WHAT THE TASK REQUIRES | Without any pictures, the records below should be reproduced exactly.

----

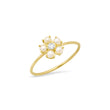 Large Pearl Flower Ring with Diamond Center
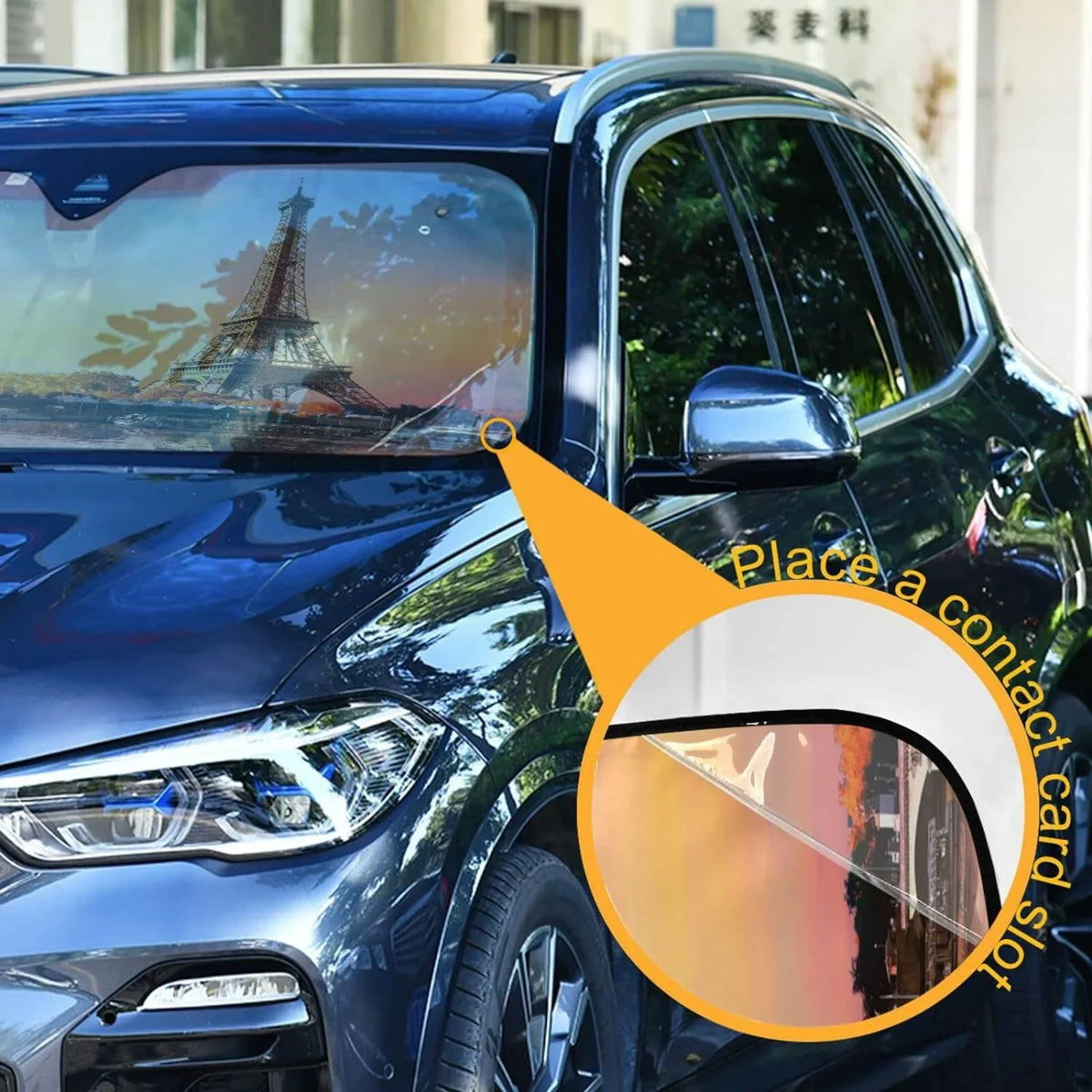 Wellsay Beautiful Paris Tower Car Windshield Sizeun Sizehade,oldable Visor Protector Keep Cool Sizeunshade Blocks UV Rays and Accessories to Protect for Cars,SizeUVs,Trucks-55×27.6in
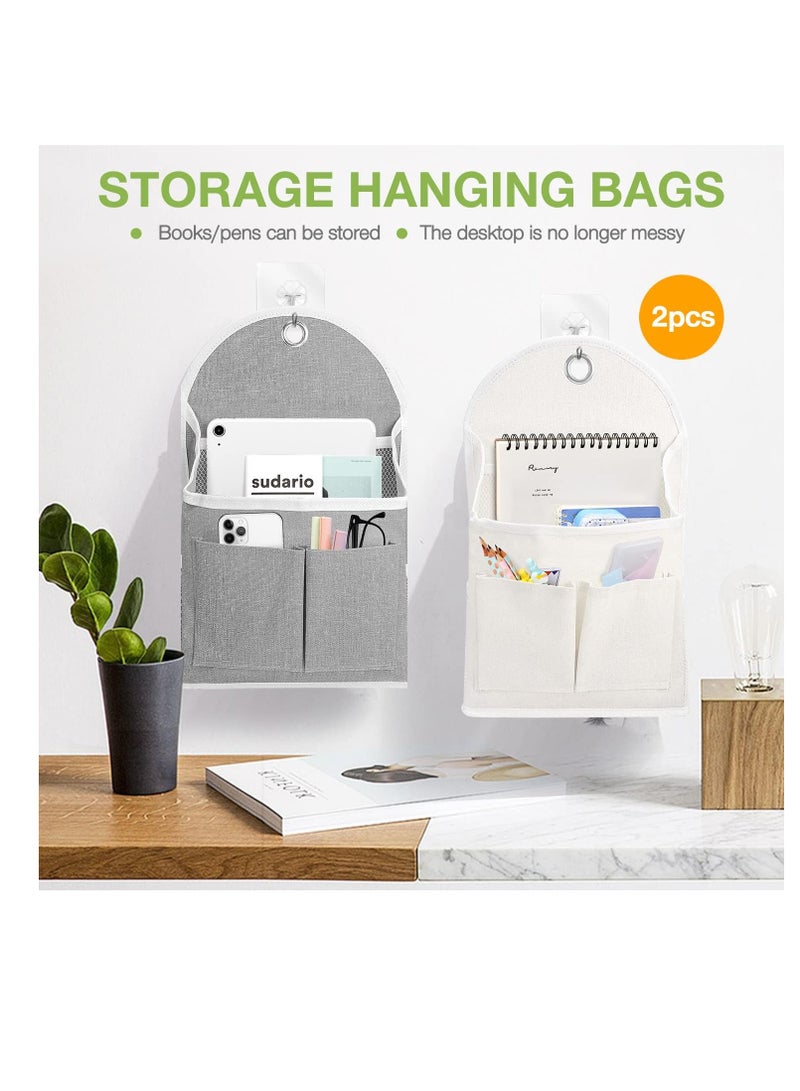 KASTWAVE حقيبة تنظيم معلقة على الحائط، حقيبة تنظيم من قماش مقاوم للماء مع جيوب، للحمام وغرفة النوم والمطبخ وغرفة الطلاب، أدوات تخزين وتنظيم للسيارات، ٢ قطعة، رمادي وأبيض - Image 5
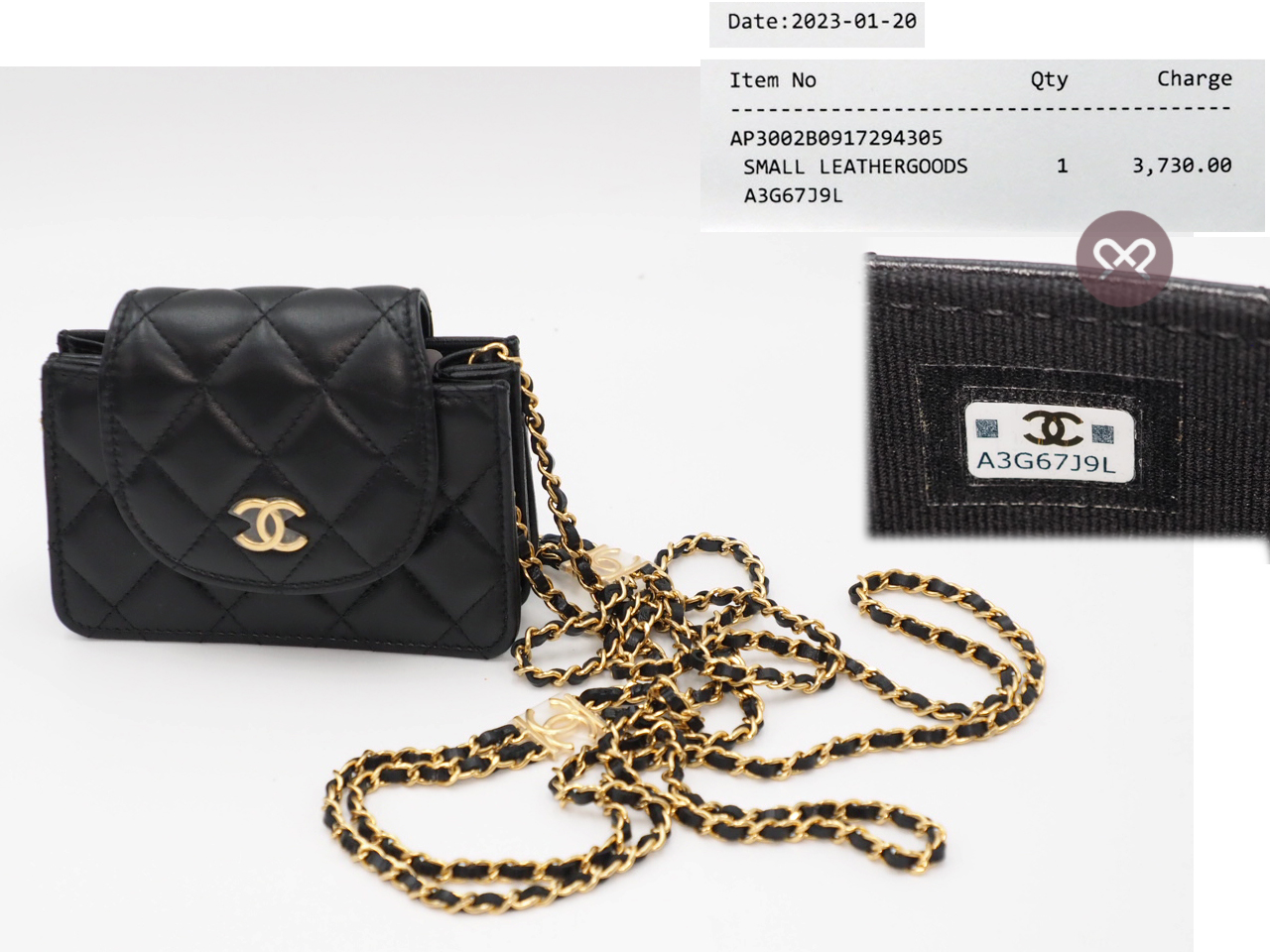 BRAND NEW ! Chanel A3G67J9L Black Lambskin AP3002 Double Chain Mini Flap Bag Gold Hardware - Image 2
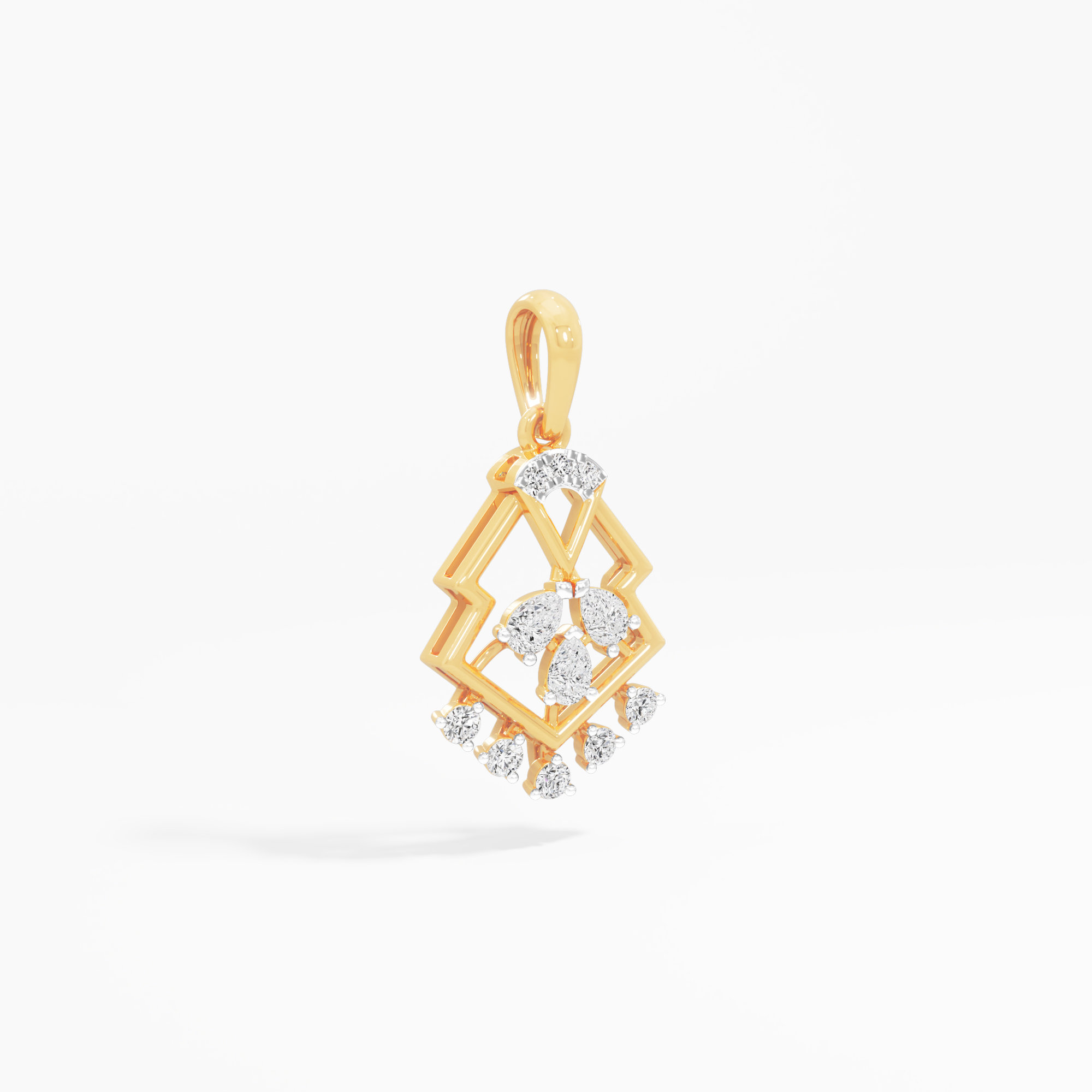 Kite Fringe Diamond Pendants | Individual Pendant in 9KT Yellow Gold (Diamond Quality: FG-VVS VS)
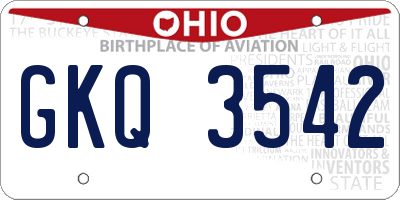 OH license plate GKQ3542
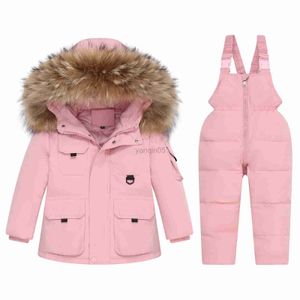 Casaco de penas para bebês, inverno, jaquetas quentes, conjunto de roupas infantis, 2 peças, meninos, casaco com capuz engrossado, macacão, roupas para meninas, roupas de neve para crianças HKD230725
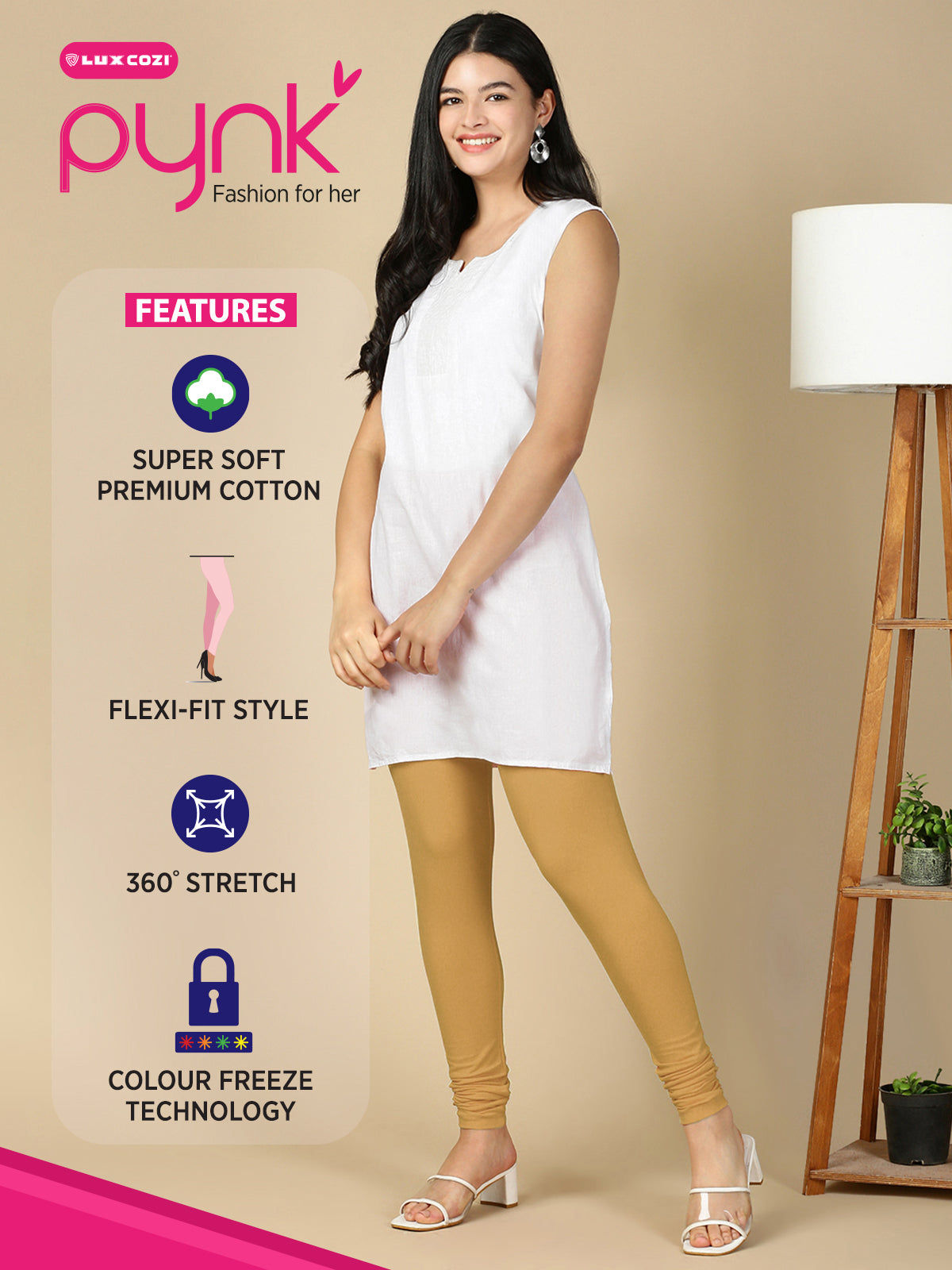 Wheat Premium Cotton Stretch Churidar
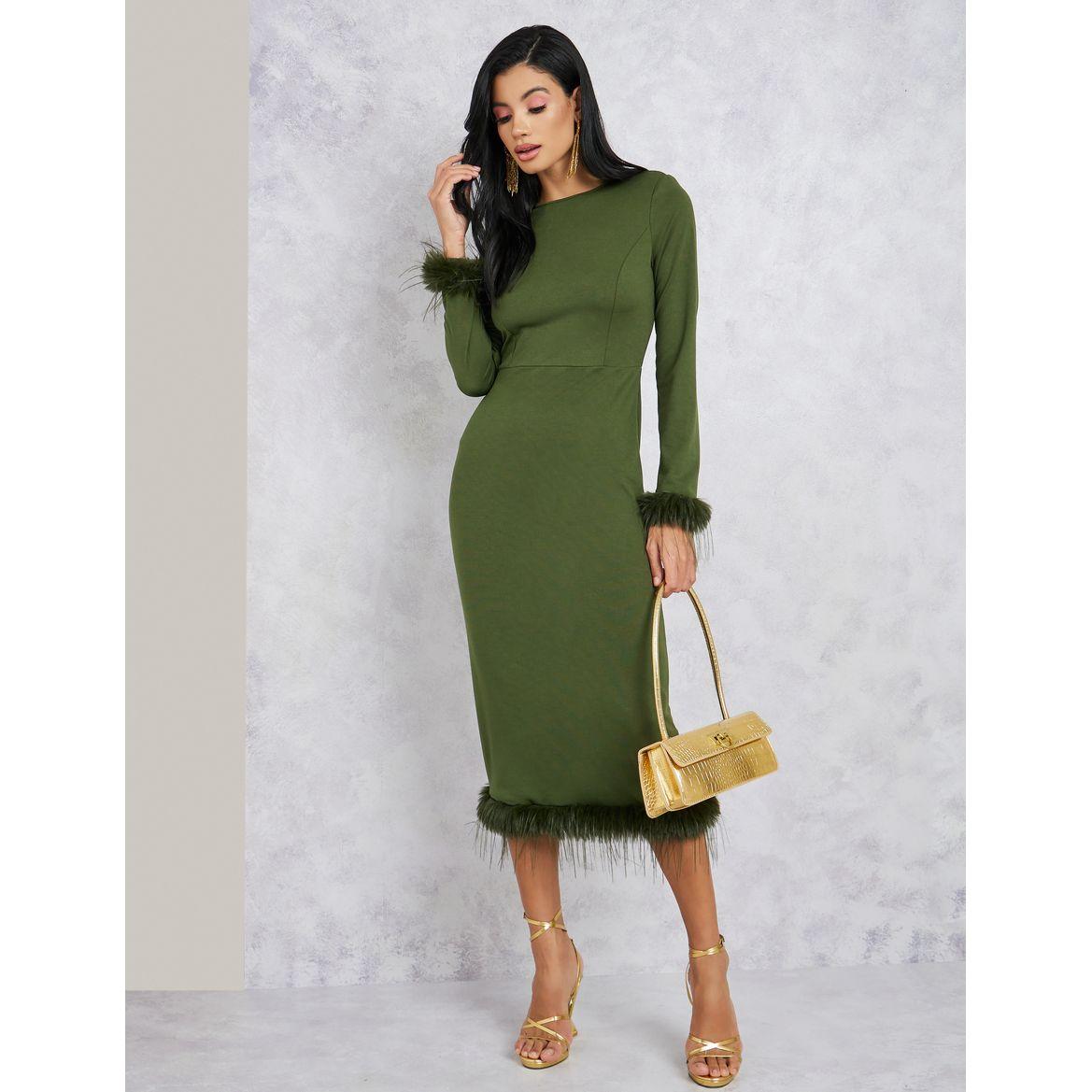 فستان ميدي بحافة مزينة بريش صناعي-women-clothing-dresses-image-1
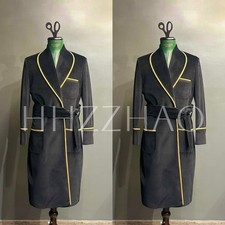 Gray Velvet Robe For Men Smoking Jacket With Belt Long Jacket Dressing Bathrobes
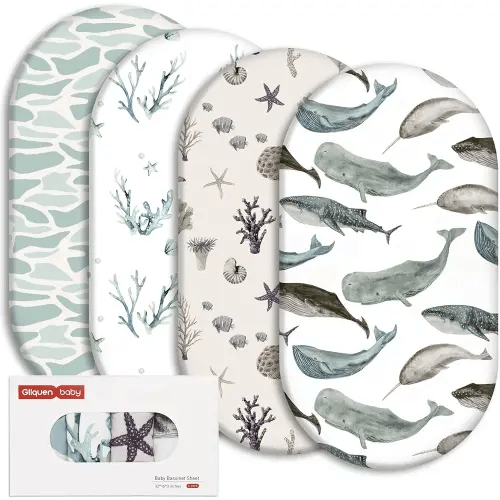 Gllquen Baby Bassinet Sheets 4 Pack, Breathable Cozy Fitted Mattress Sheet, Elastic Travel Crib Fashionable Pattern, Standard Cradle Safe Sheets for Baby Boys Girls 32"x16" (Marine)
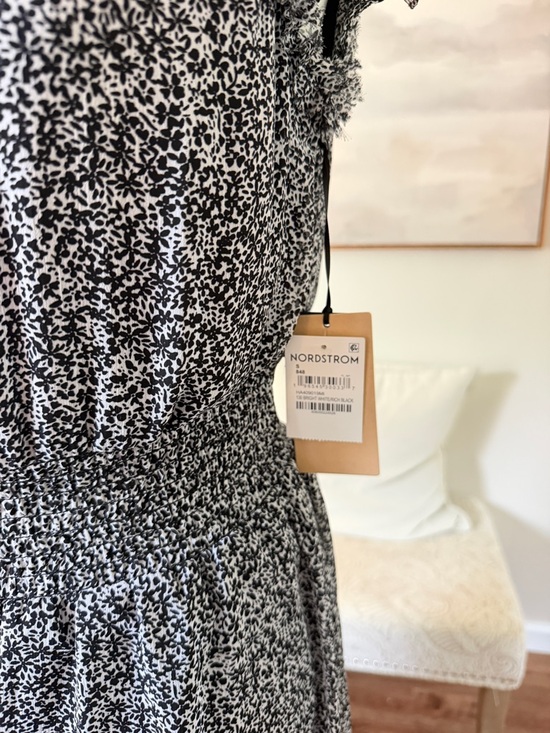 NWT Nordstrom Halogen Black & White Ruffle Midi Dress Size Small - Picture 3 of 4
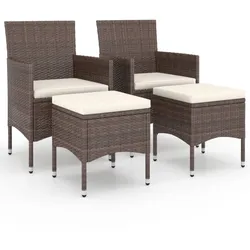 vidaXL 4-tlg. Gartenstuhl und Hocker Set Poly Rattan Braun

----

WRITTEN ANSWER |
 Large Pearl Flower Ring with Diamond Center
 Wellsay Beautiful Paris Tower Car Windshield Sizeun Sizehade,oldable Visor Protector Keep Cool Sizeunshade Blocks UV Rays and Accessories to Protect for Cars,SizeUVs,Trucks-55×27.6in
 KASTWAVE حقيبة تنظيم معلقة على الحائط، حقيبة تنظيم من قماش مقاوم للماء مع جيوب، للحمام وغرفة النوم والمطبخ وغرفة الطلاب، أدوات تخزين وتنظيم للسيارات، ٢ قطعة، رمادي وأبيض - Image 5
 BRAND NEW ! Chanel A3G67J9L Black Lambskin AP3002 Double Chain Mini Flap Bag Gold Hardware - Image 2
 Kite Fringe Diamond Pendants | Individual Pendant in 9KT Yellow Gold (Diamond Quality: FG-VVS VS)
 OH license plate GKQ3542
 Casaco de penas para bebês, inverno, jaquetas quentes, conjunto de roupas infantis, 2 peças, meninos, casaco com capuz engrossado, macacão, roupas para meninas, roupas de neve para crianças HKD230725
 Wheat Premium Cotton Stretch Churidar
 فستان ميدي بحافة مزينة بريش صناعي-women-clothing-dresses-image-1
 Gray Velvet Robe For Men Smoking Jacket With Belt Long Jacket Dressing Bathrobes
 Gllquen Baby Bassinet Sheets 4 Pack, Breathable Cozy Fitted Mattress Sheet, Elastic Travel Crib Fashionable Pattern, Standard Cradle Safe Sheets for Baby Boys Girls 32"x16" (Marine)
 NWT Nordstrom Halogen Black & White Ruffle Midi Dress Size Small - Picture 3 of 4
 vidaXL 4-tlg. Gartenstuhl und Hocker Set Poly Rattan Braun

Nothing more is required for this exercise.